- Film poster
- Directed by: Mark Steven Grove
- Written by: Mark Daniels
- Produced by: Meryem Ersoz
- Starring: Malcolm McDowell Dean Cain Izzie Steele Natalie Distler
- Cinematography: Jon Firestone
- Music by: Jeremy Christopher
- Production companies: Black Wing Digital Red Pine Studios Asgard Entertainment
- Distributed by: ITN Distribution
- Release date: December 2, 2016;
- Running time: 111 minutes
- Country: United States
- Language: English

= The Black Hole (2016 film) =

2016 American science fiction film

The Black Hole is an American science-fiction film directed by Mark Grove and released on December 2, 2016. The film was originally titled Mind's Eye, and was also released internationally under the name Quantum Voyage. The film explores the effects caused in the real world by quantum entanglement and an occurrence of "The Einstein-Podolsky-Rosen Paradox".

==Plot==
A violinist has hallucinations that show her the collapse of space and time. The visions she experiences, and the things she hears, lead her to a portal through time and space to a parallel dimension.

==Cast==
- Malcolm McDowell as Mr. Simms
- Dean Cain as Mark Willis
- Izzie Steele as Mattie Carver
- Natalie Distler as Jess Selvy
- Jesse Kove as Fritz
- Aaron Perilo as Jim Bonza
- Lucine Fyelon as Aiyana Seneca
- Kristin Keating as Mrs. Pendergraft

==Production==
The film was shot both in Boulder, Colorado, and in Colorado state. Filming was initially slated for May and June 2011. According to the film's producer Ersoz, Boulder was chosen because it is "a beautiful, under-photographed place" and that "No one has ever recognized its gothic possibilities in a film before". Permits were sought for locations in Boulder including the University of Colorado campus. Ersoz said that McDowell would bring "a magical, wizard-like quality and will bring that essence to the film." She also said that Cain had "a terrific screen presence" and that he would "bring the right mix of strength and vulnerability" to the role.

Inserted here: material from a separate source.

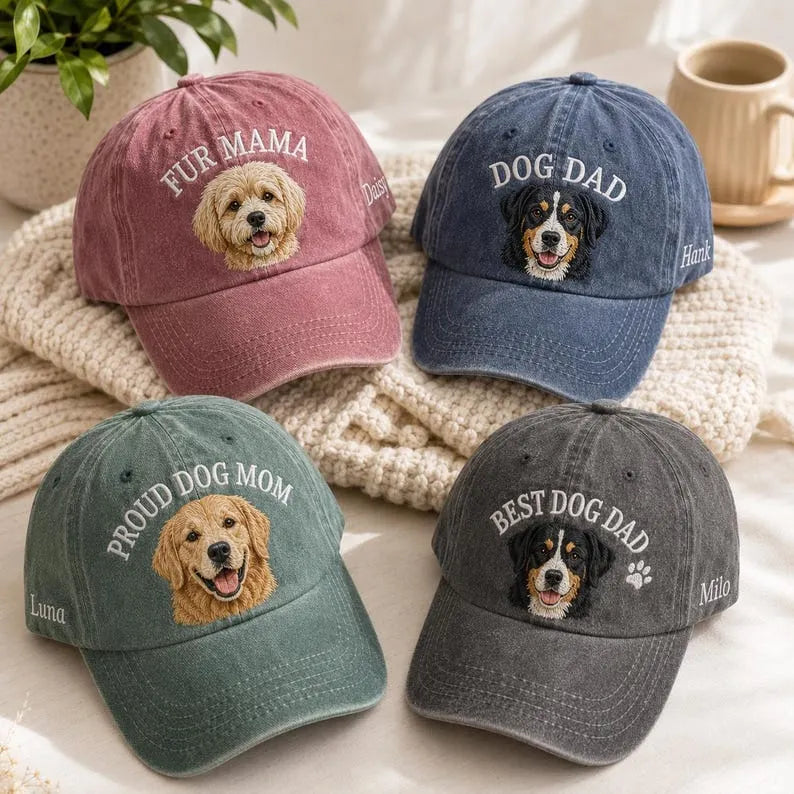 Four washed caps: pink FUR MAMA, navy DOG DAD, green PROUD DOG MOM and charcoal BEST DOG DAD with embroidered dog faces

The film was set, filmed and produced in Boulder, and was set to highlight Boulder and use its local talent. Ersoz said that when outside production companies and productions are in Boulder they show a "stereotyping of Boulder that is ‘People's Republic-ish ... They are on the Pearl Street Mall, and they make references to Birkenstocks and wheat grass and whatever is crunchy liberal." She said that she feels the city has a "welcoming and threatening" presence and that she wanted to milk the "Gothic presence that hangs over the city", with the city being a "character in the film." Ersoz and her production company Black Wing are both based in Boulder, and in keeping with the Boulder promotion, Boulder actress Kristin Keating and Denver based Kevin Sean Ryan are both in the film. Keating said that "I think Meryem is really making a push to make this [Colorado] a bigger market", with Ryan adding "the movie's star power will 'put Colorado on the map'".

The film was initially declared as to be released in 3D, though confusion arose as it was reported that it was to be shot fully in 3D, as well as mostly in 2D with a plan to film one of the major scenes in 3D. Filming was scheduled from 23 May 2011 to 29 June, with shooting beginning in Boulder in May 2011.

The film was based on an original screenplay by Mark Daniels.